Why are guarantees and indemnities important?
Guarantees and indemnities are a common way in which creditors protect themselves from the risk of debt default. Lenders will often seek a guarantee and indemnity if they have doubts about a borrower's ability to fulfil its obligations under a loan agreement. Guarantors and indemnifiers take on a serious financial risk in entering into such transactions, and it is important that they are aware of all the implications.
What is a guarantee?
A guarantee is a contractual promise to:
Ensure that a third party fulfils its obligations (pure guarantee); and/or
Pay an amount owed by a third party if it fails to do so itself (conditional payment guarantee).
A guarantee is a secondary obligation because it is contingent on the obligation of the third party (principal) to the beneficiary of the guarantee (beneficiary).
A guarantee is distinct from a demand guarantee ( www.practicallaw.com/6-502-0561) (also called an on demand bond). The latter is a guarantee that imposes a primary obligation on the guarantor to pay the beneficiary on its first demand for payment, where the principal fails to perform the contract. For more on demand guarantees and how they differ from true guarantees, see Practice note, Bonds, guarantees and standby credits: overview: The guarantor's obligation ( www.practicallaw.com/4-107-3649) .
What is an indemnity?
An indemnity is a contractual promise to accept liability for another's loss. It is a primary obligation because it is independent of the obligation of a third party (principal) to the beneficiary of the indemnity (beneficiary) under which the loss arose. For more information on indemnities, see Practice note, Contracts: indemnities ( www.practicallaw.com/w-004-0860) .
Advantages of a guarantee
Guarantees tend to be more advantageous to the guarantor because they confer certain rights including:
Right to indemnity. Once the guarantor pays the beneficiary under the terms of the guarantee, it has a right to claim indemnity from the principal provided that the guarantee was given at the principal's request.
Right of set-off. Where the principal satisfies its obligations by way of set-off against the beneficiary's liabilities to the principal, the guarantor is also entitled to that right of set-off and will be discharged from its obligations under the guarantee.

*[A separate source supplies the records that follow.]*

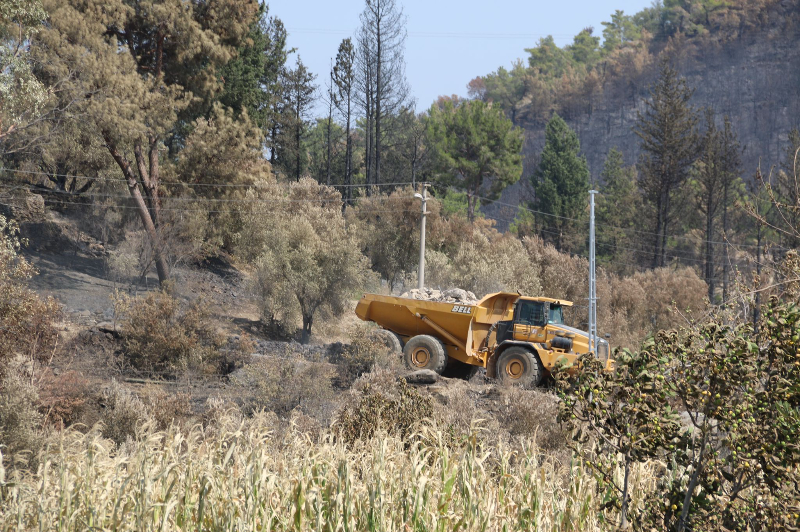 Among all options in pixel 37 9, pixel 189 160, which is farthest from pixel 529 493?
pixel 189 160

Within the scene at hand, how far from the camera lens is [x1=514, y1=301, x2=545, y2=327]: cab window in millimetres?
18031

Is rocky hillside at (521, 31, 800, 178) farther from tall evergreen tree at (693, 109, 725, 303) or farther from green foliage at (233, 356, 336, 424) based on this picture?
green foliage at (233, 356, 336, 424)

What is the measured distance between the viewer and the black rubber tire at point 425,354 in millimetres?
18375

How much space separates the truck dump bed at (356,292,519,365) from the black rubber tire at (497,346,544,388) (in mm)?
752

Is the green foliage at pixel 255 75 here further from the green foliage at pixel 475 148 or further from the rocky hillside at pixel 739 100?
the rocky hillside at pixel 739 100

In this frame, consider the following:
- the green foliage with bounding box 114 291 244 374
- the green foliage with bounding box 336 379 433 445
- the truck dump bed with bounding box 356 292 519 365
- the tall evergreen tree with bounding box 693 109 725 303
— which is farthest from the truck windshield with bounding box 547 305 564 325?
the tall evergreen tree with bounding box 693 109 725 303

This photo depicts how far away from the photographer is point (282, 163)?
52281mm

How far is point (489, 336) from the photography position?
18609mm

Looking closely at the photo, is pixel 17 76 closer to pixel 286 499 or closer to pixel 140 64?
pixel 140 64

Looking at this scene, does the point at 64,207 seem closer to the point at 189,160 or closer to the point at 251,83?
the point at 189,160

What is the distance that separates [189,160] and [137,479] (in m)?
30.7

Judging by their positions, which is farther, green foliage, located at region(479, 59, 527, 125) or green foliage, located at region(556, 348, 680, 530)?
green foliage, located at region(479, 59, 527, 125)

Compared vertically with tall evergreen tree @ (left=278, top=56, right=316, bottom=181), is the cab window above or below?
below

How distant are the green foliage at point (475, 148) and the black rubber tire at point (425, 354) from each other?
33935mm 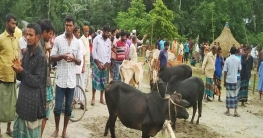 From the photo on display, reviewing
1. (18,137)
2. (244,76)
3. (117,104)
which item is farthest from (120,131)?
(244,76)

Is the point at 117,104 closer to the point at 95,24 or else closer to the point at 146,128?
the point at 146,128

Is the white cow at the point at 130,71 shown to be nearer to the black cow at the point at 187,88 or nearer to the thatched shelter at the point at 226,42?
the black cow at the point at 187,88

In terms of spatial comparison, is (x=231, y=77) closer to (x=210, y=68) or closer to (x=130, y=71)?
(x=210, y=68)

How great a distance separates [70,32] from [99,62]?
2.88 meters

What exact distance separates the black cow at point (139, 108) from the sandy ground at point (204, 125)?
862mm

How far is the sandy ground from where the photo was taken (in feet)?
24.6

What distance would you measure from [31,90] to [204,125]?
6.21 meters

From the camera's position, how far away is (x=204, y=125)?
9539mm

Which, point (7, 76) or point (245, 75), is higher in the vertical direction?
point (7, 76)

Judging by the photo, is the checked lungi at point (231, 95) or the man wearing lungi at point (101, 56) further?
the checked lungi at point (231, 95)

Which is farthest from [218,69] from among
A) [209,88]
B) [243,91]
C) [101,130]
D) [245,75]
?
[101,130]

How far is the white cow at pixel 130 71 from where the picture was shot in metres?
10.3

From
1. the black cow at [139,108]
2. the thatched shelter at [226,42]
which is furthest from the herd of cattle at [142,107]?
A: the thatched shelter at [226,42]

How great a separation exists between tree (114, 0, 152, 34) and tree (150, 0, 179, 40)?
0.54 m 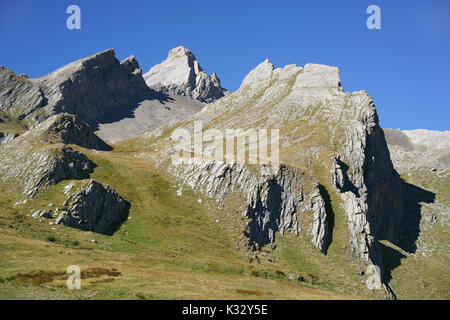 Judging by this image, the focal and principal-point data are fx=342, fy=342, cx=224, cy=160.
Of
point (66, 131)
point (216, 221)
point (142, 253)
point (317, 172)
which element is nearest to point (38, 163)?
point (142, 253)

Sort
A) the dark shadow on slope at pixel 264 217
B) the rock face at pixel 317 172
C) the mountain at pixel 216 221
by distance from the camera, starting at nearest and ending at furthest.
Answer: the mountain at pixel 216 221 < the dark shadow on slope at pixel 264 217 < the rock face at pixel 317 172

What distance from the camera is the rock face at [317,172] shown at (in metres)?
86.9

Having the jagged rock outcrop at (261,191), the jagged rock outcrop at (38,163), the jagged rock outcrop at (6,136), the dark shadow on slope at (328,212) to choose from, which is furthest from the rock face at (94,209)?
the jagged rock outcrop at (6,136)

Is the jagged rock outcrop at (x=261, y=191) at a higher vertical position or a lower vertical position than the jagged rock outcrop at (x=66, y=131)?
lower

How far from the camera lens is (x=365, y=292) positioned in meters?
73.6

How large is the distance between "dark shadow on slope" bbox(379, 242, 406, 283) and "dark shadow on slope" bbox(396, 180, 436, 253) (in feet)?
102

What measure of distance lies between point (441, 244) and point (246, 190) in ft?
313

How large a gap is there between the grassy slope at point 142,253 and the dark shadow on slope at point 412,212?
297 feet

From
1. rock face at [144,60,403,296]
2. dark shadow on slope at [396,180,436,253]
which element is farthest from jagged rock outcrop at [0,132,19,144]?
dark shadow on slope at [396,180,436,253]

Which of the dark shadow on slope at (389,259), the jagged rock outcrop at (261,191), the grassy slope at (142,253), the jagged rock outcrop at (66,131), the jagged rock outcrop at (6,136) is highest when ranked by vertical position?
the jagged rock outcrop at (6,136)

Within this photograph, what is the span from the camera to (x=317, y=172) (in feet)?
365

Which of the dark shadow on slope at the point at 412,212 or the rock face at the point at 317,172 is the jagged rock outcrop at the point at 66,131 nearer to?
the rock face at the point at 317,172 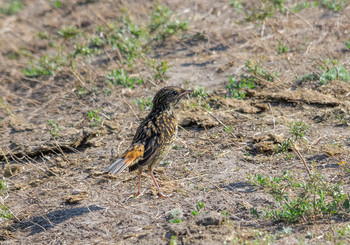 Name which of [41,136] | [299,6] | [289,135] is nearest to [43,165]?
[41,136]

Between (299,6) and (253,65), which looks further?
(299,6)

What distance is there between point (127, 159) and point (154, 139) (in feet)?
1.97

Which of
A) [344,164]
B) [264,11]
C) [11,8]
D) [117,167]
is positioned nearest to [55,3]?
[11,8]

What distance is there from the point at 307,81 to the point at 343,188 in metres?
3.62

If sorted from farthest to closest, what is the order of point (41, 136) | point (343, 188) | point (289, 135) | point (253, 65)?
point (253, 65)
point (41, 136)
point (289, 135)
point (343, 188)

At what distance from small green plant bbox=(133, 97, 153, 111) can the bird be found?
4.86 ft

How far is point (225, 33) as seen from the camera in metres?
12.2

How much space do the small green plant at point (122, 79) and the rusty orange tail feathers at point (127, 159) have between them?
379cm

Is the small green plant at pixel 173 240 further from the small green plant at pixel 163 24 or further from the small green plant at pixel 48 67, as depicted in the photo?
the small green plant at pixel 163 24

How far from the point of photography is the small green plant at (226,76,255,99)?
961 cm

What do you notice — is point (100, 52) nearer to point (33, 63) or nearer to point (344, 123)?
point (33, 63)

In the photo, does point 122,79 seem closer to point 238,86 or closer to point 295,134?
point 238,86

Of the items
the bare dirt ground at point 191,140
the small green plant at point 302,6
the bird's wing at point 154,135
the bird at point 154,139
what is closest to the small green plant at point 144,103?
the bare dirt ground at point 191,140

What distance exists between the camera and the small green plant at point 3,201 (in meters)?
7.03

Subrogation. A guarantor who fulfils the principal's obligations under the terms of the guarantee is entitled to all the rights of the beneficiary against the principal under the primary agreement, including any rights of set-off and any security that the beneficiary had taken from the principal.
Marshalling. The equitable doctrine of marshalling ( www.practicallaw.com/6-503-8622) applies to guarantees so that a guarantor may be able to obtain the benefit of another creditor's security over the principal's assets that it would otherwise not have security over.
For more on guarantor rights, see Practice note, Enforcing guarantees: guarantor's rights ( www.practicallaw.com/5-562-6805) .
Advantages of an indemnity
Indemnities tend to be more advantageous to the beneficiary.
No specific formal requirements. Unlike a guarantee, an indemnity need not be in writing or signed by the indemnifier in order to be effective.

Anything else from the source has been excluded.